If the cluster was already created, get only the config file containing the necessary information to connect to the cluster and point the KUBECONFIG variable to the file. If there is no cluster, you can create a ppc64le cluster with kubeadm. The script that can run the prow job on the ppc64le cluster must be used on an x86 machine (no ppc64le support for kind).
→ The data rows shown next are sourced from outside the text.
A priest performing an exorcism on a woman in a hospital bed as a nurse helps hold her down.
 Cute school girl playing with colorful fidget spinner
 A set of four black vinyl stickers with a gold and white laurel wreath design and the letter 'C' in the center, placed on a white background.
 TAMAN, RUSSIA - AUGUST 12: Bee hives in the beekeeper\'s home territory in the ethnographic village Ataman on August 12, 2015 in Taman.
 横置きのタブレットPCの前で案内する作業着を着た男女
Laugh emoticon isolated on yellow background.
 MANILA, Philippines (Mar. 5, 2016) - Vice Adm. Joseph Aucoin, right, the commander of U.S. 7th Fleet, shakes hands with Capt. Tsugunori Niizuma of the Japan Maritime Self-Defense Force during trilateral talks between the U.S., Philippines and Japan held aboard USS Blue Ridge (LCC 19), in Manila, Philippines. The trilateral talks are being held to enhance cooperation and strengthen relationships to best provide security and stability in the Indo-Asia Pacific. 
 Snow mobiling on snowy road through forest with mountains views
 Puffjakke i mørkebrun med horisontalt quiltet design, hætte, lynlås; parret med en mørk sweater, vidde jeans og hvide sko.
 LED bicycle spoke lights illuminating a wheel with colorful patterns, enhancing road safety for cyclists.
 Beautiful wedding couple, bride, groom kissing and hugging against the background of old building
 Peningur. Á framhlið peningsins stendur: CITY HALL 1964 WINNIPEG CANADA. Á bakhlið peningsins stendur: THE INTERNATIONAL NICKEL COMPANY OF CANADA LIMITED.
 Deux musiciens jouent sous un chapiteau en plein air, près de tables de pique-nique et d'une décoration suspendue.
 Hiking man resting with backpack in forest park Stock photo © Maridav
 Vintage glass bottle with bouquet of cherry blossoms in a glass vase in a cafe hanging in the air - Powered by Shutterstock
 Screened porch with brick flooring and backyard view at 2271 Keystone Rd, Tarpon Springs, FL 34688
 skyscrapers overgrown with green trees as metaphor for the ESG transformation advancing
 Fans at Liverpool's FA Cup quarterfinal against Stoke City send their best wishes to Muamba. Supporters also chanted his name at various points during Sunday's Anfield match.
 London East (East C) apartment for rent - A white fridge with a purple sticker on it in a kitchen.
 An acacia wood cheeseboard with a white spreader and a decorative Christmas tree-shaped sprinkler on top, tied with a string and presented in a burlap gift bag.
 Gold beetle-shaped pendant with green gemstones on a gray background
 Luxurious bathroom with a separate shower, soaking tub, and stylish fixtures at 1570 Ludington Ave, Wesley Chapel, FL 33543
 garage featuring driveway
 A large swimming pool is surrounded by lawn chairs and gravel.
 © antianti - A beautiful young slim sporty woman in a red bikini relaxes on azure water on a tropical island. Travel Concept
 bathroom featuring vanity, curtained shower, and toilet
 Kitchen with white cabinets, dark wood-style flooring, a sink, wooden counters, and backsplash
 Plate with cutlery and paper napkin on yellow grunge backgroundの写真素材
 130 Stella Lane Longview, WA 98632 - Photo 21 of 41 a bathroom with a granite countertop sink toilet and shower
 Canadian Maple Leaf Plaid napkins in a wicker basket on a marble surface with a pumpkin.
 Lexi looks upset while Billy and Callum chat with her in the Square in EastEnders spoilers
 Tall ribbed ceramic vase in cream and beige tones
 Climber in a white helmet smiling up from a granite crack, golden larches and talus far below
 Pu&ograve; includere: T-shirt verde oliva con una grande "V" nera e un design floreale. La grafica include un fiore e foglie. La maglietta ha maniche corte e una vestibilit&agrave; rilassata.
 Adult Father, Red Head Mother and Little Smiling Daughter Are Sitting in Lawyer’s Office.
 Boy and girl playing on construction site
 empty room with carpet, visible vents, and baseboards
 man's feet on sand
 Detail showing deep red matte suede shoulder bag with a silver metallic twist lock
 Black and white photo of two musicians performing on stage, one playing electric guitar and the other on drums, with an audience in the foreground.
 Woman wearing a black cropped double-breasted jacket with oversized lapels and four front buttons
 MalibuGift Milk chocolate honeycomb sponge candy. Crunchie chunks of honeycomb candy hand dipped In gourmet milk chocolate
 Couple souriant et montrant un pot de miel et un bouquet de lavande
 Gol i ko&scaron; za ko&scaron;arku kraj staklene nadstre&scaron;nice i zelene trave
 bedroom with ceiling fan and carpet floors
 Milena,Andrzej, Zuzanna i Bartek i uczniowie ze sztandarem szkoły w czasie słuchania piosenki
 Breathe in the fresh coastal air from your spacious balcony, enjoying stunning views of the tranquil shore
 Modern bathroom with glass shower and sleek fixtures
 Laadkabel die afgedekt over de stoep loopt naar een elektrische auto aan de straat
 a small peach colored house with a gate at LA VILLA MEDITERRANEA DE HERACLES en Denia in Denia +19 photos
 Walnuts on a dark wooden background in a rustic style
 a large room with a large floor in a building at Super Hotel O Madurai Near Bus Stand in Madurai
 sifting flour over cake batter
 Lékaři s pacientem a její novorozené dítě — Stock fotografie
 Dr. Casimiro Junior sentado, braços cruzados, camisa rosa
On a ppc64le machine : See https://github.com/ppc64le-cloud/test-infra/wiki/Creating-Kubernetes-cluster-with-kubeadm-on-Power
On an x86 machine:
rm -rf $HOME/.kube/config/admin.conf
nano $HOME/.kube/config/admin.conf
# Copy the admin.conf from the ppc64le machine
export KUBECONFIG=$HOME/.kube/config/admin.conf
# Check if the cluster is running
kubectl cluster-info
On either of these machines, where the ppc64le cluster is running, configure the secrets (docker-s3-credentials and docker-token if needed).
On the x86 machine :
# Set CONFIG_PATH and JOB_CONFIG_PATH with an absolute path
export CONFIG_PATH="$(pwd)/test-infra/config/prow/config.yaml"
export JOB_CONFIG_PATH="$(pwd)/test-infra/config/jobs/periodic/docker-in-docker/periodic-build-docker.yaml"
./test-infra/hack/test-pj.sh ${JOB_NAME}
# The job name is specified in your yaml.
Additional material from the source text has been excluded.